Quito , martedì, 7. luglio, 2015 18:13 (ACI Stampa).
Unità e libertà per la sfida della evangelizzazione che significa “darsi” nella comunione della salvezza di cui la Chiesa è sacramento. Papa Francesco celebra la seconda messa in Ecuador e lo fa pensando a quella indipendenza che da il nome al parco dove sono riunite centinaia di migliaia di persone. E la gente applaude sentendo questo parallelo tra la preghiera per l’unità e la voglia di libertà. Ma senza la passione per l’altro, per la libertà che porta Cristo, per la evangelizzazione, non si ottiene la fine dei conflitti.
Canti e musica in stile inca, costumi che ricordano la storia del paese, il sole nonostante le nuvole, e la festa degli ecuadoregni.
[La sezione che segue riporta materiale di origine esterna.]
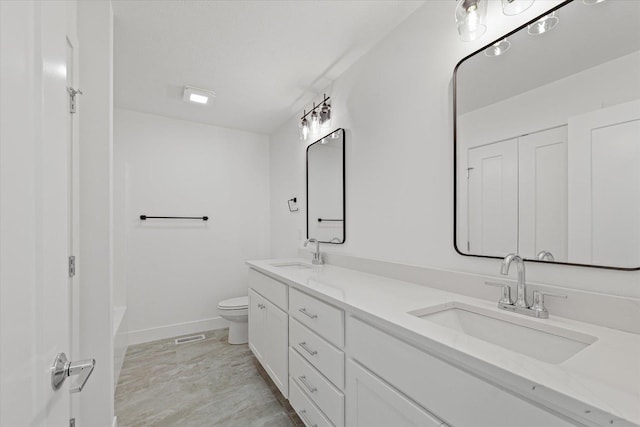 403 Harpers Fry, Savoy, IL 61874 - photo 30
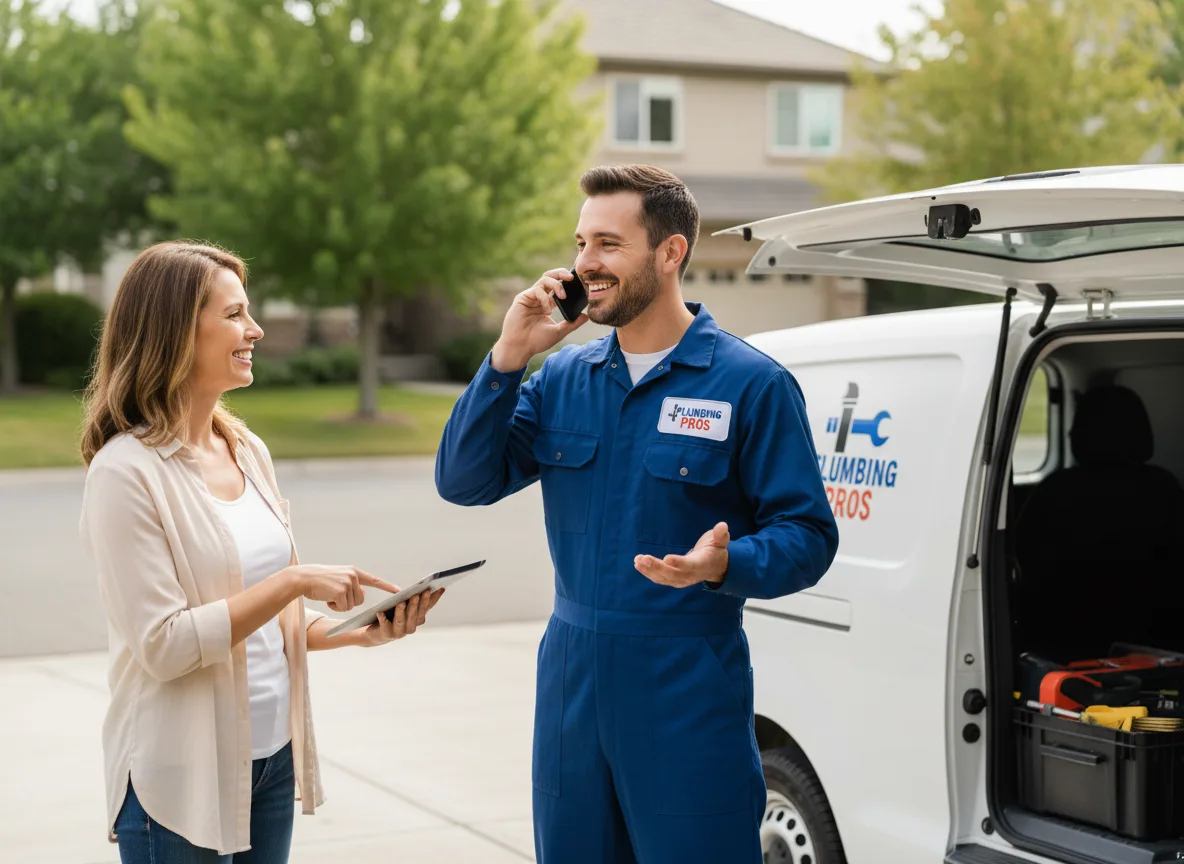 Water Heater Repair Lapwai, ID FAQs
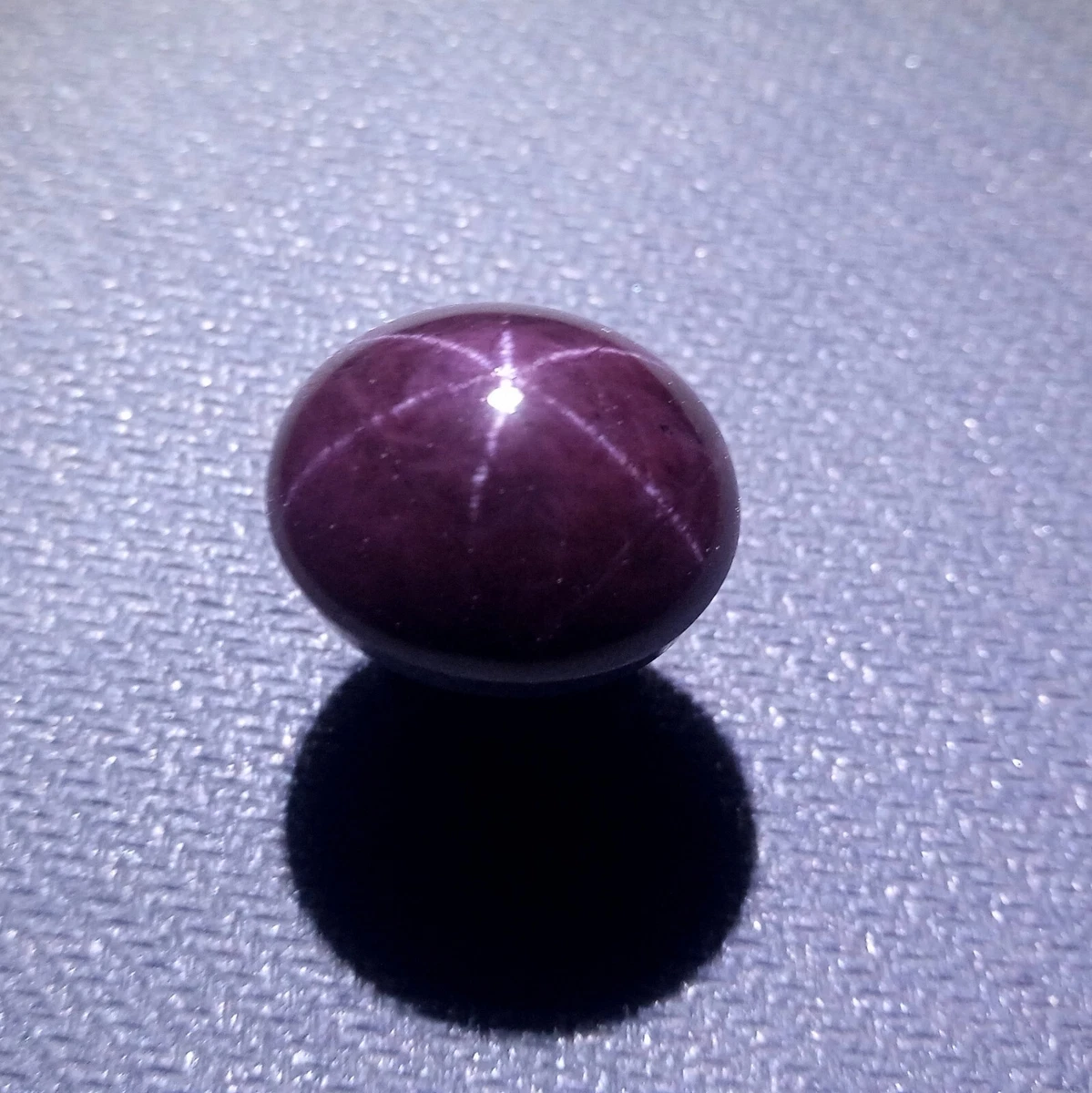 Star Garnet for sale - eBay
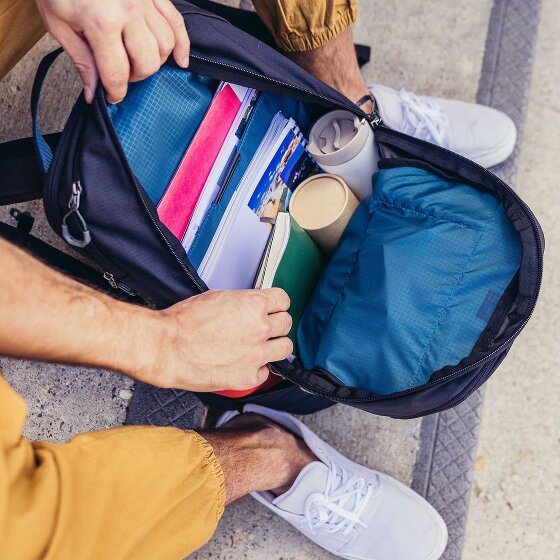 Gregory Retna 20 Daypack 50 cm Compartiment pour ordinateur portable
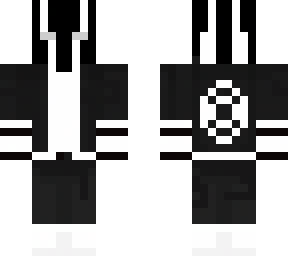 ghast06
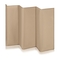 Манеж Lionelo Jasmin Easy Fold Beige Sand (LO-JASMIN EASY FOLD BEIGE SAND) - Pampik - 13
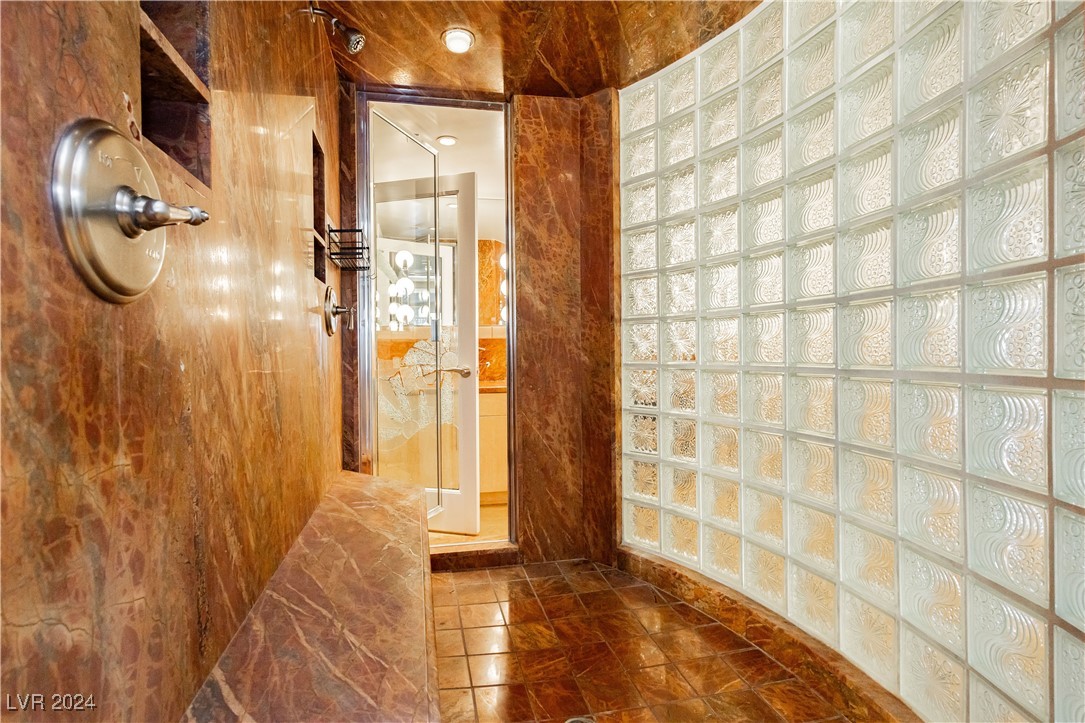 3111 Bel Air Drive 28c Property Photo 26
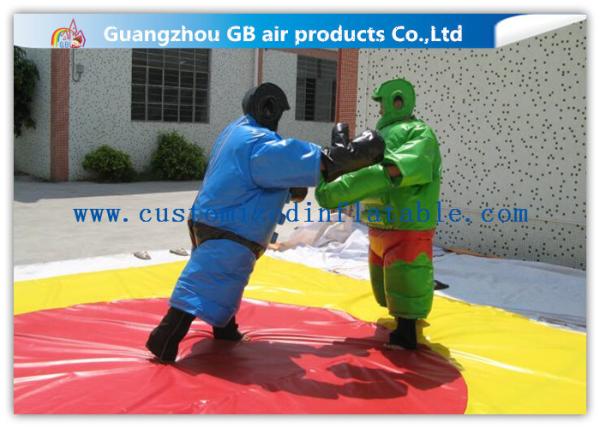 Funny  Sumo Suits , Sports Sumo Wrestling Suits , Sumo Costume , Fighting Sumo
Il Papa usa il pastorale di legno d’ulivo, l’altare è decorato con centinaia di migliaia di rose, e la casula è decorata con i disegni tipici di un poncho.
Gesù, la preghiera per la unità e invia i discepoli, ma in quel momento “il Signore sperimenta nella propria carne il peggio di questo mondo, che ama comunque alla follia: intrighi, sfiducia, tradimento, però non si nasconde, non si lamenta.” Un esperienza che gli uomini fanno ogni giorno. Ma guerre e violenza, divisione e odio “sono manifestazioni di quel “diffuso individualismo” che ci separa e ci pone l’uno contro l’altro frutto della ferita del peccato nel cuore delle persone, le cui conseguenze si riversano anche sulla società e su tutto il creato.”
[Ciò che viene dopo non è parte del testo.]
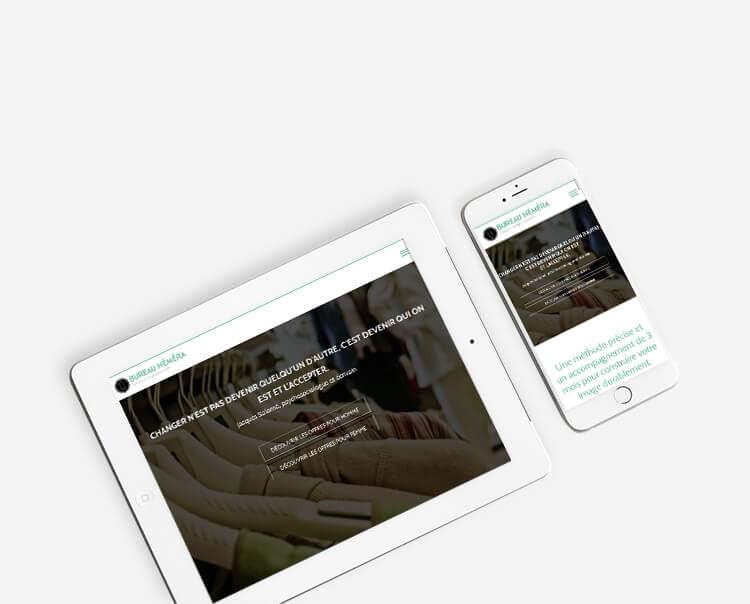 Gearup 360 Bootstrap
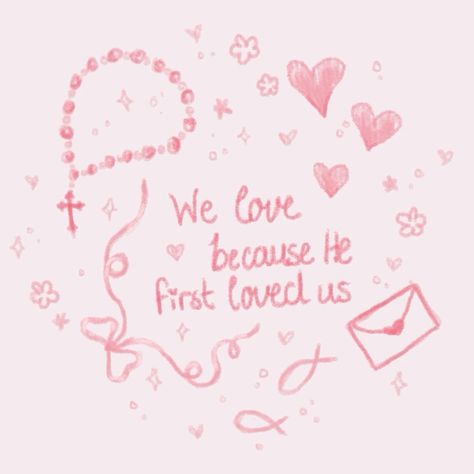 Christian Widgets Pink, Verse Of The Day Aesthetic, Cute Widgets Aesthetic Quotes, Pink Christian Widgets, Bible Aesthetic Verses, Bible Pfp, I Love Jesus Pfp, Girly Bible Verses, Modern Day Cinderella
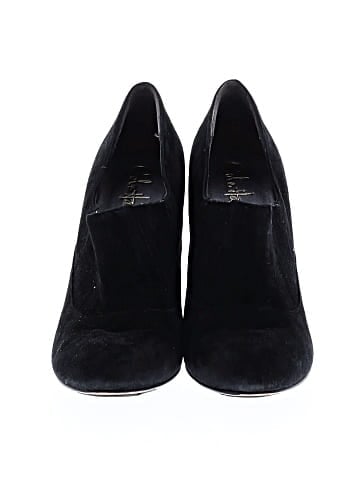 Cole Haan Heels (view 2)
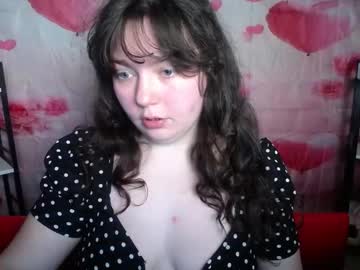 Neonilalisova Chaturbate stream image from January 26, 2026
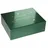 Douglas Adventskalender 2025 Luxury Pflege, Make-Up & Duft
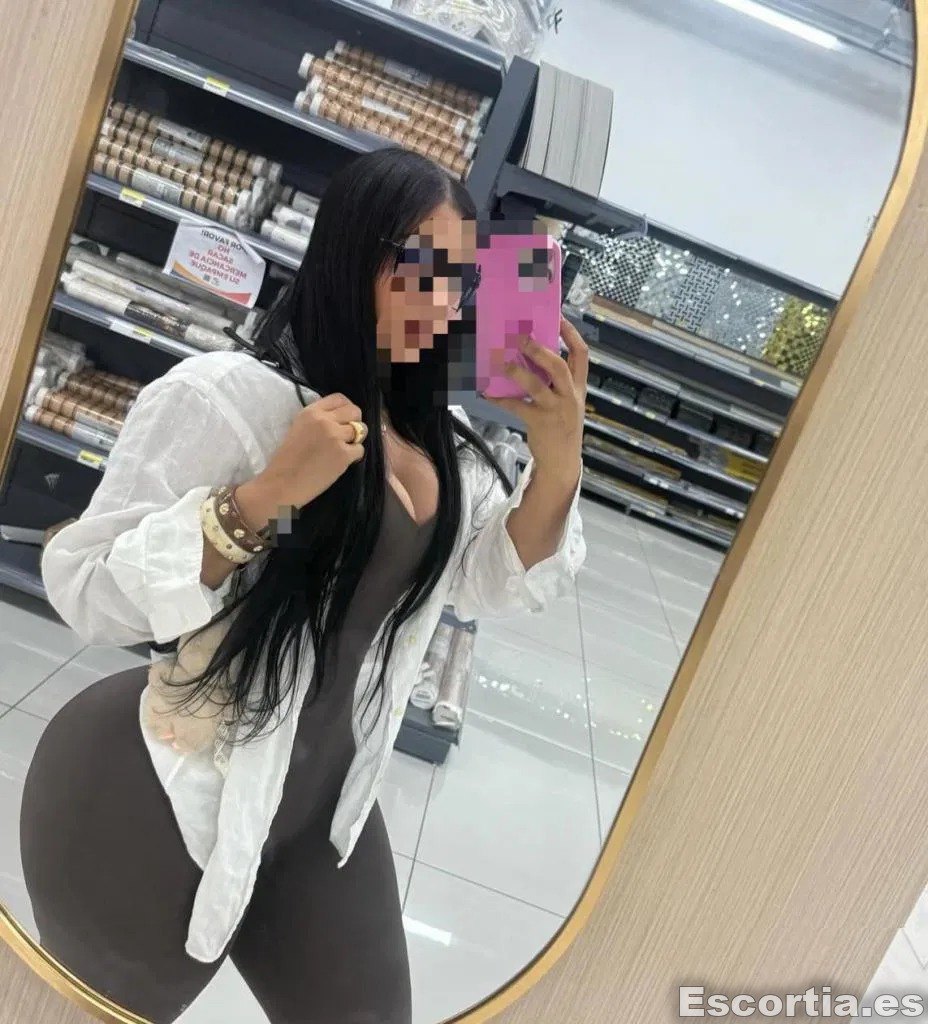 Vanessa photo 8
Ecco il mondo al quale siamo inviati: “la nostra risposta non è fare finta di niente, sostenere che non abbiamo mezzi o che la realtà ci supera. La nostra risposta riecheggia il grido di Gesù e accetta la grazia e il compito dell’unità.”
Ritorna al grido della indipendenza il Papa “decisivo solo quando lasciò da parte i personalismi, l’aspirazione ad un’unica autorità, la mancanza di comprensione per altri processi di liberazione con caratteristiche diverse, ma non per questo antagoniste.”